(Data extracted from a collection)
*** Block opens ***
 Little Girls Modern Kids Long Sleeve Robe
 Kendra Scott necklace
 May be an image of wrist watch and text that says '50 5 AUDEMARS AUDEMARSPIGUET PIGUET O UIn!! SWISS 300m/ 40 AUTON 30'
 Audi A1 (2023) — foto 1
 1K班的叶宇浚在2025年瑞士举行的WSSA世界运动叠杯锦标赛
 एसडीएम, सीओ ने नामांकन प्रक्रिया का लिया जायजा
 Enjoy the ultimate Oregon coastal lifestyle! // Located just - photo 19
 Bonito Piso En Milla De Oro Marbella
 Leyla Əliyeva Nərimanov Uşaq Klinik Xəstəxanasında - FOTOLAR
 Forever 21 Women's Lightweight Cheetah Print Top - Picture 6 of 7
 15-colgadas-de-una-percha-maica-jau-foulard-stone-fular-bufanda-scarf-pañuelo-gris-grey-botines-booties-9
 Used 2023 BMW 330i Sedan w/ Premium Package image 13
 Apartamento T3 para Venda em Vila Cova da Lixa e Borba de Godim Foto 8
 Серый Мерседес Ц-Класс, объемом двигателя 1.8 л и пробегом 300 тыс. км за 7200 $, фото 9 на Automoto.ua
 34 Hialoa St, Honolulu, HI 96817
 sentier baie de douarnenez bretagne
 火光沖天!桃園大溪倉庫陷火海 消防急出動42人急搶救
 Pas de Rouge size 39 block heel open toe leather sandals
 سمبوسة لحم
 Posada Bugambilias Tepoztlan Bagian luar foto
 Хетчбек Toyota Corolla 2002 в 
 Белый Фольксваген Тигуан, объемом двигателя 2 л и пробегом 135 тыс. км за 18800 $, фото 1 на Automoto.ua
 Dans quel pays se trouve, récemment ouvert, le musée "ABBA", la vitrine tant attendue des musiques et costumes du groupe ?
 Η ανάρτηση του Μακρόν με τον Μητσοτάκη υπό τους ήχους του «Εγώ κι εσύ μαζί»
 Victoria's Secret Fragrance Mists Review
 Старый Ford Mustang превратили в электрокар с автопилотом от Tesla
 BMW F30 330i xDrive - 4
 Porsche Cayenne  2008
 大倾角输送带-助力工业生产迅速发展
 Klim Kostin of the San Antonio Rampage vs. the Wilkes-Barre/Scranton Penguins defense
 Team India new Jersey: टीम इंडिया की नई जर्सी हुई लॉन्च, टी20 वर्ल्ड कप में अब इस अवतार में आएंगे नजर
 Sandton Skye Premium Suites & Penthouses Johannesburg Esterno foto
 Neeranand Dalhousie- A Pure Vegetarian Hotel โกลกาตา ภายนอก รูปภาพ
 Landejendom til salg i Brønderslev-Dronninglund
*** Block closes ***
All of the data above should be set down again exactly.

 Little Girls Modern Kids Long Sleeve Robe
 Kendra Scott necklace
 May be an image of wrist watch and text that says '50 5 AUDEMARS AUDEMARSPIGUET PIGUET O UIn!! SWISS 300m/ 40 AUTON 30'
 Audi A1 (2023) — foto 1
 1K班的叶宇浚在2025年瑞士举行的WSSA世界运动叠杯锦标赛
 एसडीएम, सीओ ने नामांकन प्रक्रिया का लिया जायजा
 Enjoy the ultimate Oregon coastal lifestyle! // Located just - photo 19
 Bonito Piso En Milla De Oro Marbella
 Leyla Əliyeva Nərimanov Uşaq Klinik Xəstəxanasında - FOTOLAR
 Forever 21 Women's Lightweight Cheetah Print Top - Picture 6 of 7
 15-colgadas-de-una-percha-maica-jau-foulard-stone-fular-bufanda-scarf-pañuelo-gris-grey-botines-booties-9
 Used 2023 BMW 330i Sedan w/ Premium Package image 13
 Apartamento T3 para Venda em Vila Cova da Lixa e Borba de Godim Foto 8
 Серый Мерседес Ц-Класс, объемом двигателя 1.8 л и пробегом 300 тыс. км за 7200 $, фото 9 на Automoto.ua
 34 Hialoa St, Honolulu, HI 96817
 sentier baie de douarnenez bretagne
 火光沖天!桃園大溪倉庫陷火海 消防急出動42人急搶救
 Pas de Rouge size 39 block heel open toe leather sandals
 سمبوسة لحم
 Posada Bugambilias Tepoztlan Bagian luar foto
 Хетчбек Toyota Corolla 2002 в 
 Белый Фольксваген Тигуан, объемом двигателя 2 л и пробегом 135 тыс. км за 18800 $, фото 1 на Automoto.ua
 Dans quel pays se trouve, récemment ouvert, le musée "ABBA", la vitrine tant attendue des musiques et costumes du groupe ?
 Η ανάρτηση του Μακρόν με τον Μητσοτάκη υπό τους ήχους του «Εγώ κι εσύ μαζί»
 Victoria's Secret Fragrance Mists Review
 Старый Ford Mustang превратили в электрокар с автопилотом от Tesla
 BMW F30 330i xDrive - 4
 Porsche Cayenne  2008
 大倾角输送带-助力工业生产迅速发展
 Klim Kostin of the San Antonio Rampage vs. the Wilkes-Barre/Scranton Penguins defense
 Team India new Jersey: टीम इंडिया की नई जर्सी हुई लॉन्च, टी20 वर्ल्ड कप में अब इस अवतार में आएंगे नजर
 Sandton Skye Premium Suites & Penthouses Johannesburg Esterno foto
 Neeranand Dalhousie- A Pure Vegetarian Hotel โกลกาตา ภายนอก รูปภาพ
 Landejendom til salg i Brønderslev-Dronninglund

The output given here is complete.